Sustainability of Digital Formats: Planning for Library of Congress Collections

Introduction | Sustainability Factors | Content Categories | Format Descriptions | Contact
Format Description Categories >> Browse Alphabetical List

Microsoft Office Excel 97-2003 Binary File Format (.xls, BIFF8)

>> Back
Table of Contents
Format Description Properties Explanation of format description terms

Identification and description Explanation of format description terms

Full name Microsoft Office Excel 97-2003 Binary File Format (.xls). Also known as BIFF8.
Description

The Microsoft Excel Binary File format, with the .xls extension and referred to as XLS or MS-XLS, was the default format used for spreadsheets in Excel through Microsoft Office 2003. The format is also referred to as Binary Interchange File Format (BIFF) in Microsoft's technical documentation. This format description is primarily for version 8 of BIFF (BIFF8), introduced with Excel 97 in 1997. Although it cannot support the latest functionality of the Excel application, BIFF8 has continued to be available as an alternative to the XLSX/OOXML format, standardized as ISO/IEC 29500, for saving spreadsheet files in Excel. As of late 2019, the documentation for File formats that are supported in Excel, from Microsoft, lists two variants of XLS format, distinguishing between "Excel 5.0/95 Binary file format" and "Excel 97-Excel 2003 Binary file format." These correspond to BIFF5 and BIFF8, respectively. See Notes below for more detail on versions of BIFF.
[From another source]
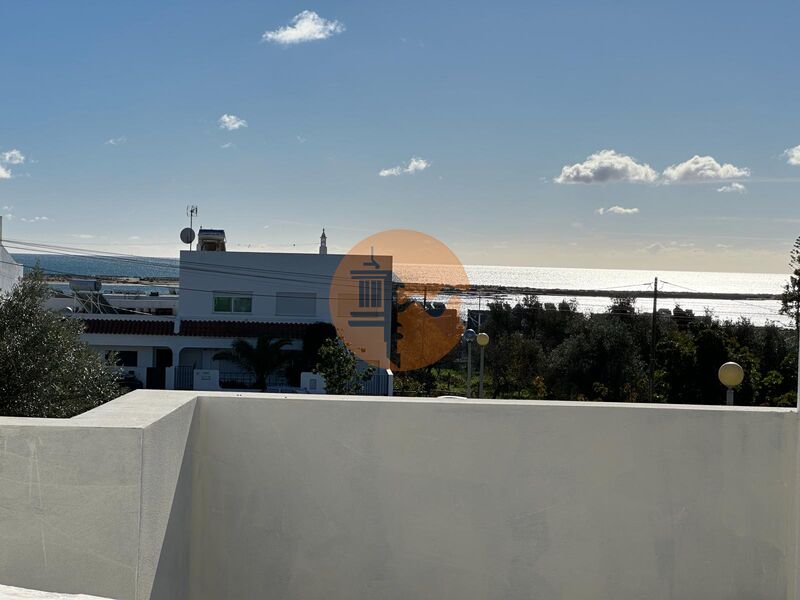 Apartamento Moderno perto da praia Olhão - 2º andar, vidros duplos, terraços, painéis solares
Although the XLS format is proprietary, since 2007 it has been covered by Microsoft's Open Specification Promise. The specification released in 2007 is available as Microsoft Office Excel 97-2007 Binary File Format Specification [*.xls]. Since 2008, the structure for the XLS format used since Excel 97 has been kept up-to-date at [MS-XLS].

The structure of an XLS file since 1993 (BIFF5/Excel 5.0) is an OLE (object linking and embedding) compound file as specified in [MS-CFB]. A CFB provides a file-system-like structure within a file for the storage of arbitrary, application-specific streams of data. It consists of storages, streams, and substreams. Each binary stream or substream is written as a series of binary records. An XLS file must contain a single Workbook stream which has a single Globals Substream with at least one sheet substream, which could be a Worksheet Substream, Chart Sheet Substream, Macro Sheet Substream, or Dialog Sheet Substream. These streams and substreams employ BIFF8 encoding for component binary records. A substream has a BoF (beginning of file) record that includes an indicator for the BIFF version. Hence the mandatory Workbook Globals Substream can be used to recognize the BIFF version. An XLS file in BIFF8 (or BIFF5) encoding begins as follows, with all values given as they occur in the physical file, for example when viewed using a Hex dump utility:

  • CFB header:
    • Header Signature for the CFB format with 8-byte Hex value D0CF11E0A1B11AE1. Gary Kessler notes that the beginning of this string looks like "DOCFILE"
    • 16 bytes of zeroes
    • 2-byte Hex value 3E00 indicating CFB minor version 3E
    • 2-byte Hex value 0300 indicating CFB major version 3 or value 0400 indicating CFB major version 4. [Note: All XLS files created recently by compilers of this resource (in versions of Excel for MacOS and Windows) and examined with a Hex dump utility have been based on CFB major version 3. Comments welcome.]
    • 2-byte Hex value FEFF indicating little-endian byte order for all integer values. This byte order applies to all CFB files.
    • 2-byte Hex value 0900 (indicating the sector size of 512 bytes used for major version 3) or 0C00 (indicating the sector size of 4096 bytes used for major version 4)
    • 480 bytes for remainder of the 512-byte header, which fills the first sector for a CFB of major version 3
    • For a CFB of major version 4, the rest of the first sector, 3,584 bytes of zeroes
  • BoF (beginning of file) record for the mandatory Workbook Globals Substream, which must be the first substream in a BIFF8 XLS file:
    • 2-byte BoF record number field. Hex value 0908. 09 indicates a BoF record. 08 indicates the BIFF version.
    • 2 bytes unspecified
    • BoF record data, starting with 2-byte Hex value 0006, indicating BIFF8
    • 2-byte Hex value 0500, indicating that the substream stream for which this is the record data is the mandatory Workbook Globals Substream

Following the Workbook Globals Substream, the actual data, stored in substreams for Sheets, Charts, Macros, etc., will be stored, also in BIFF8 format.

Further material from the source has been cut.